Look, for instance, at the great sequence of six river Stour paintings, brought together here for the first time. In the full-size sketch for ‘Stratford Mill’, the light is a more important player, particularly where it streams between the trees in the middle of the picture and hits the water. It is exquisitely rendered: more extreme but more believable, and more convincingly atmospheric, than in the finished version. Constable attached great importance to the sky, calling it ‘the chief “organ of sentiment”’ and maintaining that it provided ‘the keynote’ in a landscape. In the sketches, he allowed his brushwork to be stormy and charging, whereas the finished pictures are models of harmony and restraint. Often the calmness of the finished version is more impressive than the sketch, for instance in ‘View on the Stour near Dedham’, which was substantially altered and developed between the sketch and the finished work.
In this case the composition was actually more complex but improved; more often, Constable was able to reconcile tensions and make a more complete statement. Consider that most famous of images ‘The Hay Wain’. Compare the crispness of the finished picture with the warm and blurry study, attractively informal, in which much of the brown underpainting is coming through. It has none of the ritual and dynamic power of the finished work. Altogether more eye-catching is the gorgeous little oil-on-paper study for it, also on loan from Yale. A feature of this show is the preponderance of lovely small studies — look at the two paintings of Willy Lott’s house, for example which help to set off and enhance the great machines.

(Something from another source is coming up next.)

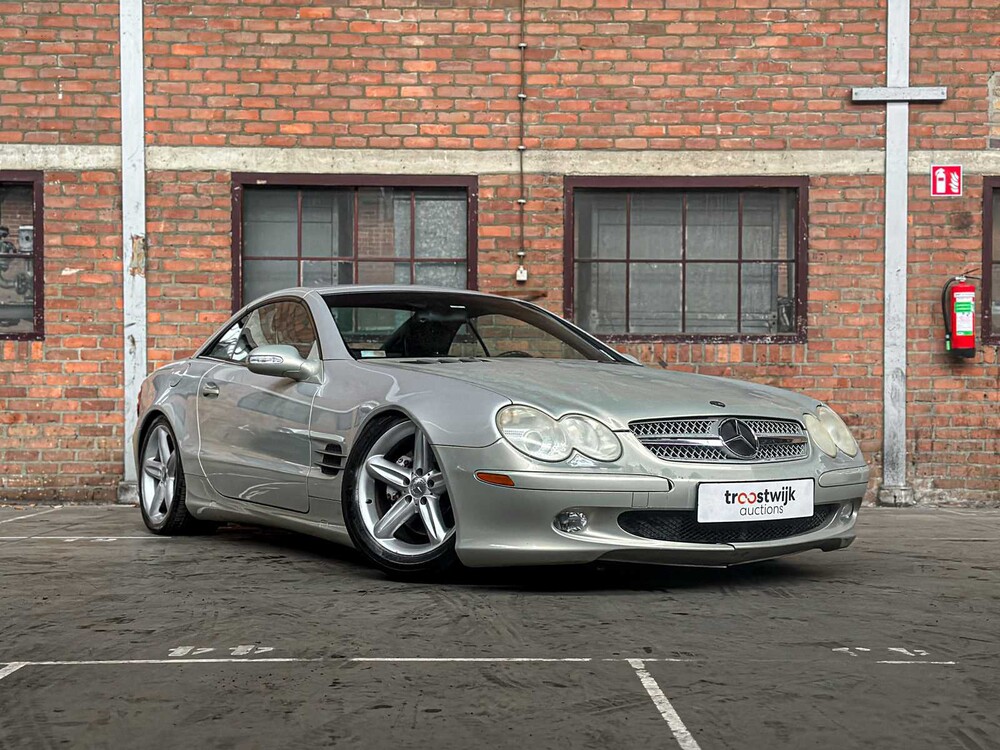 Mercedes-Benz SL500 5,0 V8 306 PS 2002 SL-Klasse Youngtimer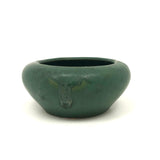 Nice Old Matte Green Glazed Arts and Crafts Small Bowl / Mini Planter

In the penultimate room is ‘Stoke-byNayland’ (c.1835–7), the last full-size sketch, for which no finished picture exists. It’s a great way to end an exhibition: the broken, feathery treatment full of passion and vigour, the light glinting off everything, revealing and concealing. Just this painting and a cabinet of studio materials — palette, knife, brushes and a metal box containing 11 pig-skin bladders of paint, a glass phial of blue pigment and a piece of gypsum for drawing or roughening paper and canvas.
The last room contains interactive screens for those who feel the need to play after the undiluted glories of a great exhibition. The show travels to the National Gallery of Art, Washington, in the autumn, and opens at the Huntington Library and Art Gallery, San Marino, early in 2007. It’s accompanied by a helpful and informative catalogue (£24.99 in paperback) that is for once an actual catalogue, closely following the layout of the exhibition, not just a volume of loosely connected essays.
In a letter of 1833 to his friend and biographer C.R. Leslie, Constable wrote: ‘Your regard for me has at least awakened me to believe in the possibility that I may yet make some impression with my “light” — my “dews” — my “breezes” my “bloom” and my “freshness” — no one of which qualities have yet been perfected on the canvas of any painter in the world — ’ No, and they still haven’t, but Constable comes pretty close to that perfection, and continues to make an unimpaired appeal through his pictures. As he said: ‘The language of the heart is the only one that is universal.’